The final version of the bill keeps the House bill number (H.R. 2262). A Senate Commerce Committee press release identified the key provisions:
Formally extends operation of the International Space Station from 2020 through 2024. President Obama announced last year that he was extending it until then, but this will make it law. Canada and Russia have agreed with the extension; Japan and Europe have not publicly endorsed the extension yet.
Extends the “learning period” for commercial human spaceflight through September 30, 2023. Under current law, the prohibition on the FAA promulgating new regulations for the commercial human spaceflight business expires on March 31, 2016.
Extends third party indemnification for launch services companies through September 30, 2025. Under current law, the authority for the FAA to indemnify commercial space launch companies from certain amounts of claims from the uninvolved public in the event of a launch accident expires on December 31, 2016.
Directs the White House Office of Science and Technology Policy (OSTP) to assess and recommend approaches for oversight of commercial non-governmental activities in space. The 1967 Outer Space Treaty requires governments to authorize and continually supervise the activities of their non-governmental entities.
Establishes a legal right to resources U.S. citizens obtain from asteroids consistent with current law and international obligations.
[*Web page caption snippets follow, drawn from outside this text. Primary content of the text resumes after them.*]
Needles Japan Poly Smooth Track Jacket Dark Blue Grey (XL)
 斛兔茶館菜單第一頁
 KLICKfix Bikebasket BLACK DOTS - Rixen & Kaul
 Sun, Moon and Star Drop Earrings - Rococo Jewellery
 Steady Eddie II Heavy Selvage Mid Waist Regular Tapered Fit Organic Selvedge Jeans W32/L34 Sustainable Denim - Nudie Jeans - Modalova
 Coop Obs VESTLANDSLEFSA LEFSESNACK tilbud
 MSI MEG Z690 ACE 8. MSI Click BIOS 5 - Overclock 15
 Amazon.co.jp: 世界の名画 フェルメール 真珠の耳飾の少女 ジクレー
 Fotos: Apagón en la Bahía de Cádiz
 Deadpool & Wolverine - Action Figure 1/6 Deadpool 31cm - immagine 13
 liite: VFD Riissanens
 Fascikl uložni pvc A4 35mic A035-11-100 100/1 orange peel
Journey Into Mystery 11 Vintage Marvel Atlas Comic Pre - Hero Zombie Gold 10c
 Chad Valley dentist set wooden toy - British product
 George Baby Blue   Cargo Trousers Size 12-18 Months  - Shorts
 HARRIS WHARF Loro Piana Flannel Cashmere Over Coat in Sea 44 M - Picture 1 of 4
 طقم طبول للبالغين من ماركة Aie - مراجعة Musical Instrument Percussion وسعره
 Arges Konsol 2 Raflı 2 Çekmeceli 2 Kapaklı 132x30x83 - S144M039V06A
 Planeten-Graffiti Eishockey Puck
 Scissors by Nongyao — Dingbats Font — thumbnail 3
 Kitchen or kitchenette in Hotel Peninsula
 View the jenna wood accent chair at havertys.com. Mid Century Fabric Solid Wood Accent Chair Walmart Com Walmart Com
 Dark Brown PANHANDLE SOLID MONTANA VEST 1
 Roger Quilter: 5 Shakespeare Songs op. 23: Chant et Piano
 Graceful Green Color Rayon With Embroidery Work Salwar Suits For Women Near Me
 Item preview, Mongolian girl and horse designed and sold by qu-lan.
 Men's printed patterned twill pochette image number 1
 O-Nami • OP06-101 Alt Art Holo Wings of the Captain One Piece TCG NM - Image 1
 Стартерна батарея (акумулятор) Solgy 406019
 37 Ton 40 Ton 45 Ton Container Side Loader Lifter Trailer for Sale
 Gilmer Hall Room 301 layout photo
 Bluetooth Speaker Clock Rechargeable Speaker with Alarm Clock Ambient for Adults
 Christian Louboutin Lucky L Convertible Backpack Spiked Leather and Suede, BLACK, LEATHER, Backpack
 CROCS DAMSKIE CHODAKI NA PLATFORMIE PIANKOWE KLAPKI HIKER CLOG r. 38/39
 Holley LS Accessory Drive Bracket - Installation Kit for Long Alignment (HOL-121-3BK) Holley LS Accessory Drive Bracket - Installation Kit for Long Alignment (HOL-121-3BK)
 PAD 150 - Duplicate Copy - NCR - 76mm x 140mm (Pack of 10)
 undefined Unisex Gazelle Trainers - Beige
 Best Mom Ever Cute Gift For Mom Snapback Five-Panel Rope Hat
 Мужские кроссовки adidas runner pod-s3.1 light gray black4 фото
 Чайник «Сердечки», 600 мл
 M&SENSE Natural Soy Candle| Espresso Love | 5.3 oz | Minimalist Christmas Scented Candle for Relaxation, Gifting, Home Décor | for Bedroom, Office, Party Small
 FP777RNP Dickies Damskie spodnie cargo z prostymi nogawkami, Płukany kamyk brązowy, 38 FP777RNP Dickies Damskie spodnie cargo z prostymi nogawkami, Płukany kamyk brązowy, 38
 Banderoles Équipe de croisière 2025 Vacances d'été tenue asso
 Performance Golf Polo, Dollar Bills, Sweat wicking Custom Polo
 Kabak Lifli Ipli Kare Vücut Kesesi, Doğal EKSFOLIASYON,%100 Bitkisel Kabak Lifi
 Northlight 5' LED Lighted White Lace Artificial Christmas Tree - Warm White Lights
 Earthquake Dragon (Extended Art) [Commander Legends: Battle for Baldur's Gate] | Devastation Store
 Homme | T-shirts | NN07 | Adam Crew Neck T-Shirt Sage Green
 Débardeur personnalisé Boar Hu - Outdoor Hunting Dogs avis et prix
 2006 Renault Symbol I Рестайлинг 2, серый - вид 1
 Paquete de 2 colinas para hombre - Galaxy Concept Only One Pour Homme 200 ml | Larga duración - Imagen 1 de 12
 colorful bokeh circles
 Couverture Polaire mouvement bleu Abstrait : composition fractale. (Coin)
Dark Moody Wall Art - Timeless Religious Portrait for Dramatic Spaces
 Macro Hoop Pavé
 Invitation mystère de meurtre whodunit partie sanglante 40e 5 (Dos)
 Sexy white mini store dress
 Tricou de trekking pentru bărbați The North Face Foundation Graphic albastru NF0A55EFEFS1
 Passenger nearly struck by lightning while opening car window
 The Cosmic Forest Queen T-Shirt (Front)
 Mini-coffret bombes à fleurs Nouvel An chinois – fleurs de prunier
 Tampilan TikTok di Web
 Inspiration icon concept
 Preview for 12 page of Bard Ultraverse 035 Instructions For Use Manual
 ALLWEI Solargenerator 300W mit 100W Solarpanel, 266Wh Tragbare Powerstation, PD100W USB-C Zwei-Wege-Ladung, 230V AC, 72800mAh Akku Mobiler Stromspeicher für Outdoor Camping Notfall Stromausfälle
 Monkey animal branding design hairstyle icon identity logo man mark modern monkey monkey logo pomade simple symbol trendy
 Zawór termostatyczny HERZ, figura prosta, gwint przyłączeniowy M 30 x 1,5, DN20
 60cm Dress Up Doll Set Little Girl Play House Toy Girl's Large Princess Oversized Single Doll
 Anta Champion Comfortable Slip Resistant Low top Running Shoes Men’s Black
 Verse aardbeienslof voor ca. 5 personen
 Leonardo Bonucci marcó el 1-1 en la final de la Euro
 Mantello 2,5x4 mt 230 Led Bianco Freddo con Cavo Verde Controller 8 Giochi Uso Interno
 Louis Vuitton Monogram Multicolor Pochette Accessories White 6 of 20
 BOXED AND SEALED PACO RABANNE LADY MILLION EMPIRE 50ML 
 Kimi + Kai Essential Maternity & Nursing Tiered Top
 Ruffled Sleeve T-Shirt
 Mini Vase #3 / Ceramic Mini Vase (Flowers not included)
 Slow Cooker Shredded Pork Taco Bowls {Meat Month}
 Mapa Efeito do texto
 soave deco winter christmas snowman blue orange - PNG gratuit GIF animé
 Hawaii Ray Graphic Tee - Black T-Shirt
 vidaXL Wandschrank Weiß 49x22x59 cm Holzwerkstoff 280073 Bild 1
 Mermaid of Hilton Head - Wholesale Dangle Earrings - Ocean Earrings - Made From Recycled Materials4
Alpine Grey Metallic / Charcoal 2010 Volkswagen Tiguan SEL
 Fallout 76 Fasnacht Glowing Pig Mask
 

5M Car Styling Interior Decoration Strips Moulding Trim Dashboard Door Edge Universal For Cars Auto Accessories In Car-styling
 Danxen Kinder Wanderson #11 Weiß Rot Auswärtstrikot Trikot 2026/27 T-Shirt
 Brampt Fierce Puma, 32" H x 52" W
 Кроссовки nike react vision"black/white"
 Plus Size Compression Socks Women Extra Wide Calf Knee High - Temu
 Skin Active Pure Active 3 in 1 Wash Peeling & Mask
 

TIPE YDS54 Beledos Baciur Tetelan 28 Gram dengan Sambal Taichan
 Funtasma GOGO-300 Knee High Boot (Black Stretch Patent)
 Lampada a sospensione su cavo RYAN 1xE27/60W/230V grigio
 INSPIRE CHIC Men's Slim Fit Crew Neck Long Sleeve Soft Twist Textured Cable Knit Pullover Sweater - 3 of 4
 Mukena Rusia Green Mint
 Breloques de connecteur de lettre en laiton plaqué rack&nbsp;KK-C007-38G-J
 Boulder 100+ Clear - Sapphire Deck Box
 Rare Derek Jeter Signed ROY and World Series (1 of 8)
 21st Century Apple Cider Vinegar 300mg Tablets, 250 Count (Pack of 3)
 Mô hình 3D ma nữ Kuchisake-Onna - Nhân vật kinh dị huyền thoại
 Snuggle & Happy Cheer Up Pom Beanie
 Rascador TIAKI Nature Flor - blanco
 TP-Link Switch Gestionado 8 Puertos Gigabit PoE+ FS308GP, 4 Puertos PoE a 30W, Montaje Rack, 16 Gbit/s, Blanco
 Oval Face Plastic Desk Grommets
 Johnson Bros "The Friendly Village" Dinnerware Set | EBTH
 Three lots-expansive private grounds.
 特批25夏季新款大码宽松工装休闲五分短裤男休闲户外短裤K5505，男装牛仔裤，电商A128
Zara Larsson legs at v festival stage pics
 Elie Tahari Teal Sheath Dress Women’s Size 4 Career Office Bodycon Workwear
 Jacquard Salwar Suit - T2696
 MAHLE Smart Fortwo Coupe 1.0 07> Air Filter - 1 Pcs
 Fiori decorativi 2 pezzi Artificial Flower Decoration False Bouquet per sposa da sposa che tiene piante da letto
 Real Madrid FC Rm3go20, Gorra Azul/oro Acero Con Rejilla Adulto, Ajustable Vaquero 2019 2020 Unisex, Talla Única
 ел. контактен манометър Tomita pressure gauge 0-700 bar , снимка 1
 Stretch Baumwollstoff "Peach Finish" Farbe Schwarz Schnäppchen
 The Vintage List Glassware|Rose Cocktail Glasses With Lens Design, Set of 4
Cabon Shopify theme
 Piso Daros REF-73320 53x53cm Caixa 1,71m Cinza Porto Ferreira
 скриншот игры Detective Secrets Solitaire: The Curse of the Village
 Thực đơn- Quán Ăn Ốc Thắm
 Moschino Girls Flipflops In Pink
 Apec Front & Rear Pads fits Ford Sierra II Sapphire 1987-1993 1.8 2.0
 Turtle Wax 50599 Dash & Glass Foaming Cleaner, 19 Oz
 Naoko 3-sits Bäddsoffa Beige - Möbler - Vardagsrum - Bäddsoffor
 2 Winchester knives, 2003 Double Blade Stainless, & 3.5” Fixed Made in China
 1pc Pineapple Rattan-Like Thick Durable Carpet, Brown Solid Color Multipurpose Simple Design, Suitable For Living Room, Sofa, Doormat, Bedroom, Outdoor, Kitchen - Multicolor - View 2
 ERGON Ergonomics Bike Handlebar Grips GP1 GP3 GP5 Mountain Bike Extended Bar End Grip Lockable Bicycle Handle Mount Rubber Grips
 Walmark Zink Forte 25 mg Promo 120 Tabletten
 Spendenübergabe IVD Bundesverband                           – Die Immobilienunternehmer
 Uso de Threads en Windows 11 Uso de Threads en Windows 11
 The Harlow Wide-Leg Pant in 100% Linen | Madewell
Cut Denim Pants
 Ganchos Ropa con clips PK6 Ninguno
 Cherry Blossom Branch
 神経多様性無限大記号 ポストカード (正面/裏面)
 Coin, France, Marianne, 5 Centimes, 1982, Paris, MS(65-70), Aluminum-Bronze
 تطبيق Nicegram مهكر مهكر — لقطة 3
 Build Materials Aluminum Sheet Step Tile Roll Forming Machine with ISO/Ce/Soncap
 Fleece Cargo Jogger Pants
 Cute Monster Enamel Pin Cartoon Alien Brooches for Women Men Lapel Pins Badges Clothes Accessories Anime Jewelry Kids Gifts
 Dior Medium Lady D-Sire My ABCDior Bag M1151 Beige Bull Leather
Directs the President to facilitate and promote space resource exploration and recovery.
Provides a use policy for NASA’s Space Launch System (SLS). SLS may be used for missions to extend human presence beyond Low Earth orbit (LEO), for other payloads that can benefit from its unique capabilities, for government or educational payloads consistent with NASA’s mission to explore beyond LEO, and for “compelling circumstances” as determined by the NASA Administrator.
The top Republicans and Democrats on the Senate Commerce Committee and its space subcommittee — John Thune (R-SD), Bill Nelson (D-FL), Ted Cruz (R-TX), and Gary Peters (D-MI) — all praised passage of the bill. Thune noted the efforts of House Science, Space, and Technology Committee Chairman Lamar Smith (R-TX) as being “critical” to the bill’s passage.
Smith said in a statement that the bill “reflect years of committee hearings and input from industry partners, education groups, and grassroots citizien advocates.” He added that he looks forward to a House vote “with strong bipartisan support.”
Asteroid mining company Planetary Resources praised the Senate action, saying it provides a “pro-growth environment for the development of the commercial space industry. ” It singled out Senator Patty Murray (D-WA) and Representatives Kevin McCarthy (R-CA), Bill Posey (R-FL), and Derek Kilmer (D-WA) for their “unwavering” support. Planetary Resources is headquartered in Redmond, WA.